Whenever we have bananas that have sat in the kitchen a bit too long, I break out this banana bread recipe. Adapted from multiple different recipes I have come across, I added some of my favorite ingredients to make this the best banana bread I have ever tasted. My nut allergy prevents me from enjoying most banana bread recipes in restaurants, as they usually contain nuts, so I make my own that includes everything I do like and nothing that I don’t. One of these ingredients are oats. Including them in the batter gives the bread a more rustic feel that I enjoy in homemade breads. This way, the bread has a nice texture that you would associate with something hearty and homemade.
Yield: About 24 muffins
Prep time: 30 minutes
Cook time: 25 minutes at 350 degrees
3 ripe bananas
¾ cup melted butter
1 tsp vanilla
1/3 cup white sugar
1/3 cup brown sugar
1 and ½ cups flour
1/3 cup oats
1 tsp baking soda
Dash of salt
Chocolate chips optional
- Preheat oven to 350 degrees.
- Mash bananas and melt the butter. Combine with both sugars, egg, and vanilla. Sprinkle the baking soda over the top of the wet mixture.

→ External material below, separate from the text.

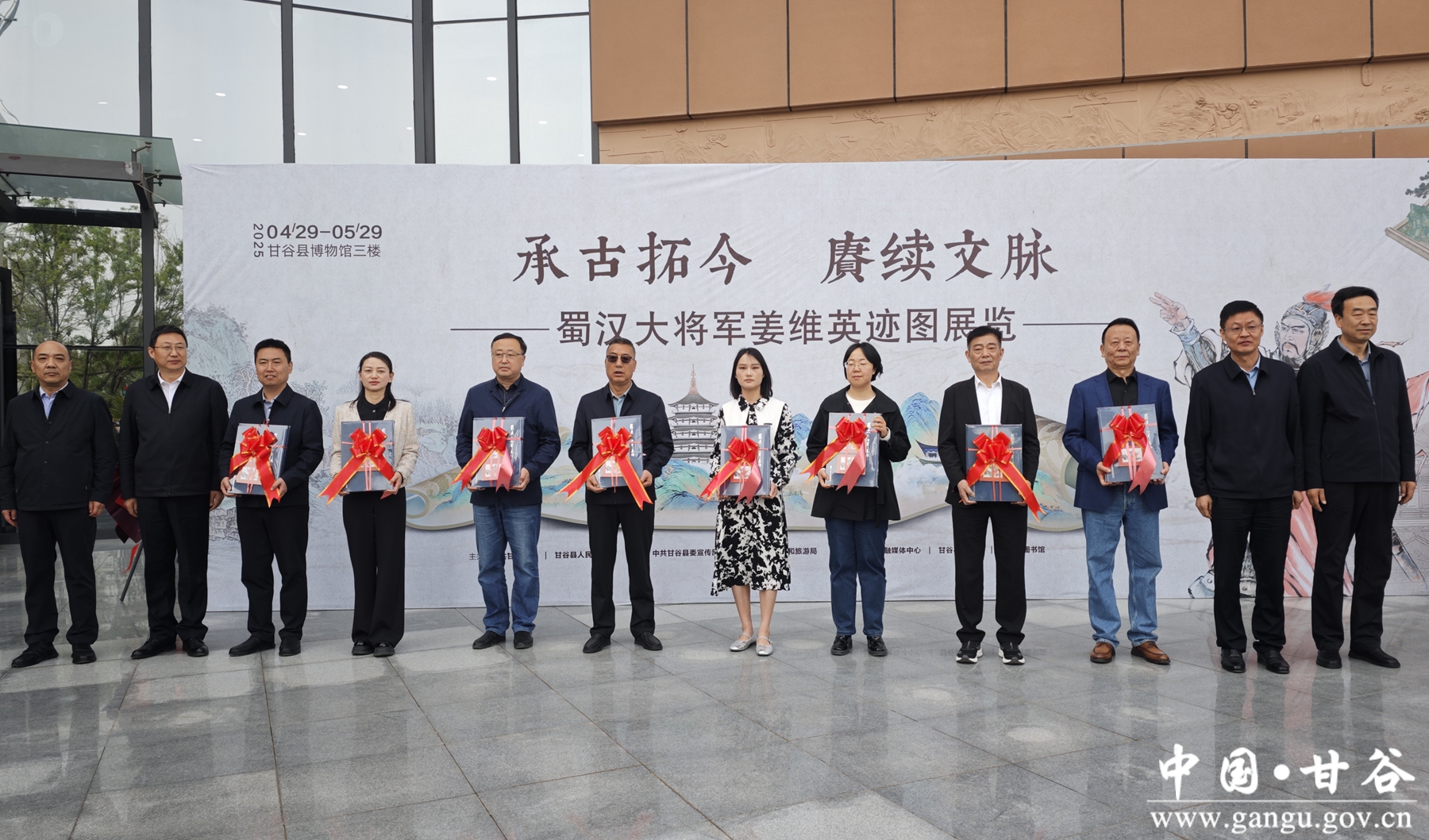 微信图片_20250430075842_副本 微信图片_20250430075842_副本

- Add in the flour and oats and stir until just combined.
- Top with chocolate chips or cinnamon sugar and bake for 25 minutes, making sure to only fill up the muffin tin half with batter.
- Let cool and enjoy right away or store in the fridge for later.
You can also customize the bread by adding any toppings that suite your tastes, (I added chocolate chips and cinnamon sugar to mine!) though they’re delicious without anything else too. These banana bread muffins are the perfect grab and go breakfast in the morning or as a snack later in the day. Bon appétit!